Welcome to Roz Gibson, furry artist and animator in Southern California. Roz was guest of honor at Confurence and created the Jack Salem comic character that first appeared in Rowrbrazzle in 1987. This is Roz’s furry graphic novel review part 1 of 6 on the way. Read in order as they post: 1) Myre 2) Angelic Book 1 3) Marney the Fox 4) Shanda the Panda 5) Cinderfrost 6) Tim’rous Beastie. See Roz’s tag for the rest. Roz is a community access guest and contents are hers.

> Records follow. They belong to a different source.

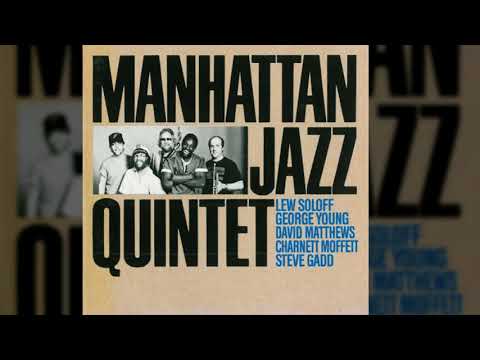 Manhattan Jazz Quintet - Milestones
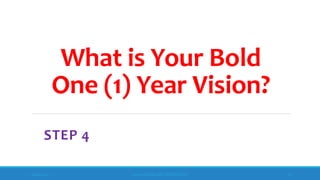 What is Your Bold
One (1) Year Vision?
STEP 4
10/18/2017 www.ABOVEorBEYONDJM.COM 62
 
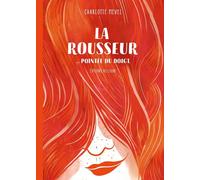 DELCOURT La rousseur pointée du doigt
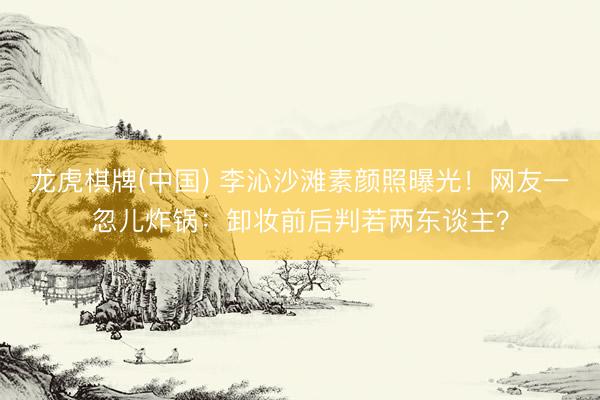 龙虎棋牌(中国) 李沁沙滩素颜照曝光！网友一忽儿炸锅：卸妆前后判若两东谈主？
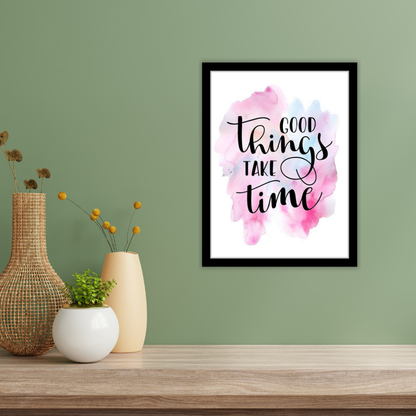 Good things take time-Premium Framed Poster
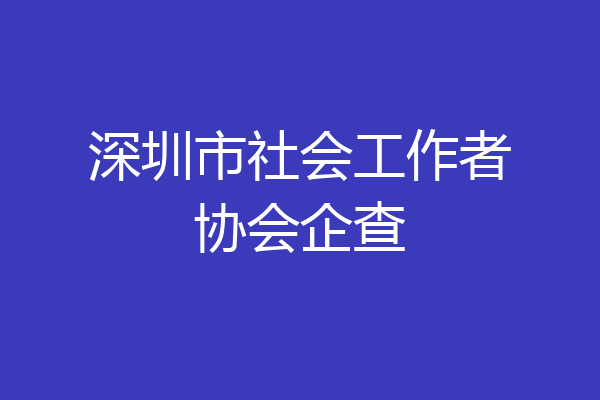 深圳市社会工作者协会企查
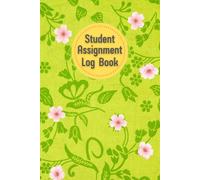 Green Garden: Student Assignment Log Book For tracking School Assignment and Deadline, 120 pages, Size 6"x 9".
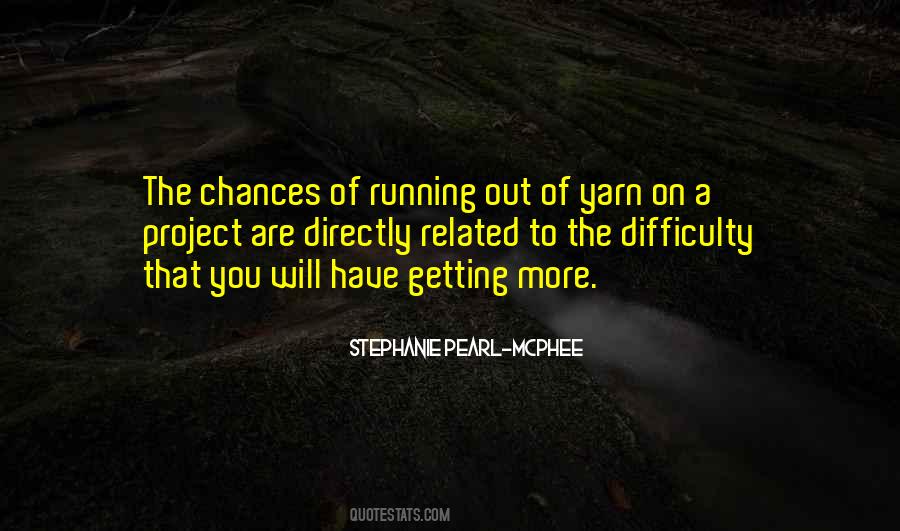 Stephanie Pearl-McPhee Quotes #577291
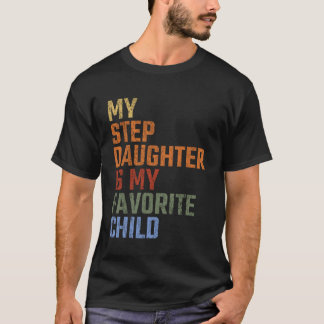 Mijn stiefdochter is mijn favoriete kind grappige  t-shirt
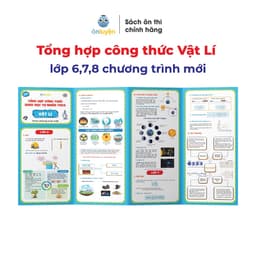 Thumbnail Tờ công thức Lí lớp 6,7,8 chương trình mới, dùng cho cả 3 bộ sách Kết nối, Chân trời, Cánh diều - Nhà sách Ôn luyện 1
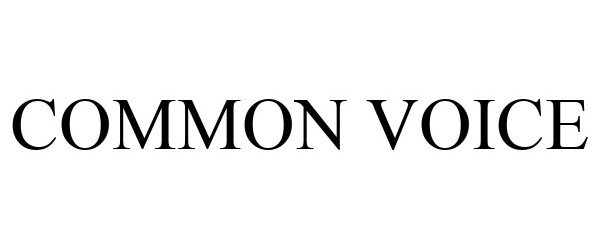 Trademark Logo COMMON VOICE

Myre: The Chronicles of Yria volume 1
Art and story by Claudya (Alectorfencer) Schmidt
Story and Dialogue by Matt (2 the Ranting Griffin) Davis
One of the most popular artists working in the furry genre, German Alectorfencer ran a very successful crowd funding campaign to produce her graphic novel magnum opus: Myre: the Chronicles of Yria #1. It was published in January 2017 as a hardcover and trade paperback. Sometime this year a spin-off graphic novel called Haunter of Dreams will be released, and in the autumn of 2019 production will begin on chapter 2 of Myre.
Now I’ve pointed out many times that the fandom is littered with carcasses of epic multi-part graphic novels that fizzled out after 1 volume, when the artists realized what a huge amount of work it is for basically no money. (I will give props to Heathen City for actually lasting 3 issues before dying, which is 2 better than most of them). Even if Alectorfencer manages to get #2 done, I’m not sure how much momentum she or the public will be able to maintain if it takes 4 or 5 years between volumes.
So how is Myre? The production values are great—rich color printing on heavy stock. Unfortunately it suffers from a very common problem with digital printing—everything is too dark. Art that looks good on the screen often prints dark. I’ve seen this in other color comics, particularly ones that use the fully painted technique. I assume there’s ways to avoid that issue, since most of the pro published books look OK, but that’s not my area of expertise.
The story is a western with fantasy trappings. After a brief world-creation and downfall myth involving dragons at the beginning, the rest of Volume 1 is the protagonist Myre (dressed in a poncho, hat and perpetually dangling cigarette like Clint Eastwood’s Man with No Name) wandering around a desolate landscape with her faithful dragon steed. When she runs out of ‘fuel’ for her cigarette lighter (I guess they don’t have matches here…) she ends up getting injured by some thugs while trying to buy more, taken to a wise old man for healing, sent on an errand to a distant city, runs into more trouble there, and that’s basically volume 1.